Остров для большой охоты | страница 12



Первым он выцелил селезня. И было потянул за спуск, когда на линию выстрела выплыла уточка, заслонив собою супруга. Заряд накрыл бы их обоих, но почему-то Кирилл Валерьянович выдохнул и ослабил палец на спуске, и лишь когда отплыла уточка, снова затаил дыхание и потянул…

С полем, Кир! Вскипело вокруг селезня, пала в воду его голова, и крылья распустились по взбурлившей поверхности. Уточка заметалась около — был страшный гром, и плеск, и ужасные брызги, почему он не улетает? Кирилл Валерьянович перевел на нее мушку и подумал, что если сможет выстрелить в такую растерянную птицу, то… Пока он соображал, что же «то», инстинкт свое взял, уточка рванулась в сторону, поднялась на крыло и скрылась за ближним островком. И там, как следовало ожидать, ударил чей-то выстрел.

Спешить было некуда, но все же он вытолкнул лодку из зарослей, будто селезень мог тоже подняться на крыло и достаться другому. Но нет, селезень был надежно мертв. И мертвым оставался удивительно красив, особенно красиво мерцали капли на шоколадной спинке — чучело было бы просто мокрым. Вода под ним окрасилась облачком, в котором уже сновали предприимчивые мальки, а он, окунув взлохмаченную дробью голову, словно вглядывался в водоросли на дне. Взявшись за тугие основания крыльев, Кирилл Валерьянович поднял добычу и бережно положил на носовую банку, и по глубокому стеклопластику зазмеился розовый ручеек крови с водою. Голубое и розовое — сентиментальные цвета охоты.

До наступления дня нечаянно удачная засидка принесла ему еще крякву и парочку лысух. Но если первая лысуха была убита аккуратно, то вторая, когда подплыла лодка, разевала полный крови клюв и водила крылом по воде — молча, что всегда поражало Кирилла Валерьяновича в подранках. Видит бог, какой мукой для него была необходимость сворачивать шею подранкам…
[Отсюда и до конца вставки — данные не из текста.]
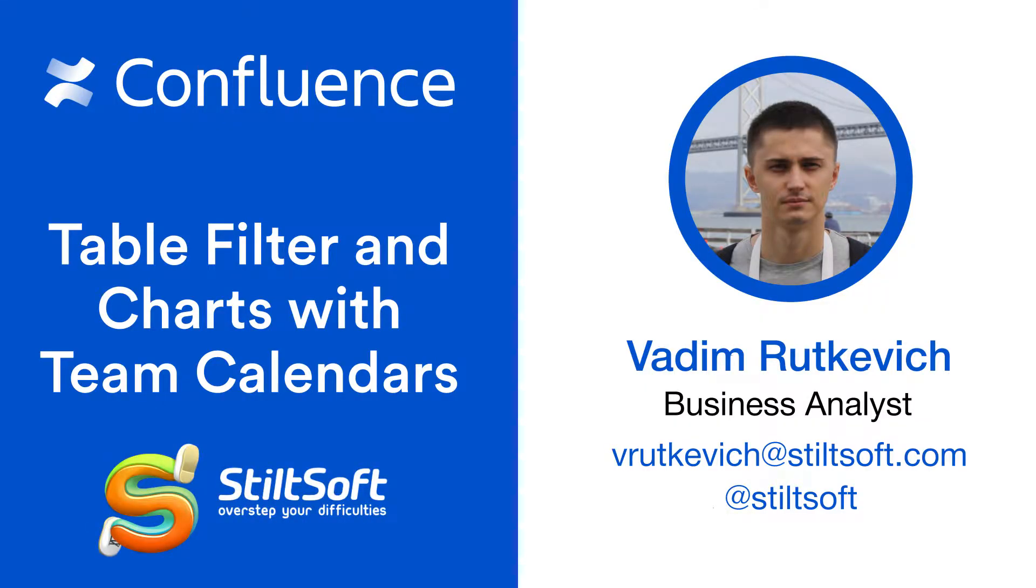Hi, I'm Vadim from StiltSoft and today I will show you the way to evaluate calendar events in Confluence with the Table, Filter and Charts app.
Шел одиннадцатый час утра, когда он продирался назад в свою бухточку. Канонада на озере смолкла в десятом часу, но он не торопился возвращаться, кружил меж островов не спеша и почти наугад. Горячка охоты прошла, он вспомнил о чужаках и долго размышлял, как быть дальше. Вообще-то он считал себя последовательным человеком, но вот вспомнил чужаков и понял, что ему не очень хочется, чтобы они убирались с острова. Почему? Вот ведь странно… Зачем ему общество этой парочки, если приезжает он сюда за уединением, если выдавались даже здесь, бывало, дни, когда невыносимым делалось общество себя самого, осточертевшей плоти, которую и здесь требуется троекратно в день кормить, оберегать от радикулита и катать от застоя крови на лодке… Не находя ответа, он тем не менее не спешил возвращаться, чтобы не застать сборов. Глупо было бы уговаривать их остаться после вчерашнего. Другое дело, если он вернется, а гостей и след простыл — можно будет про должать считать себя последовательным человеком.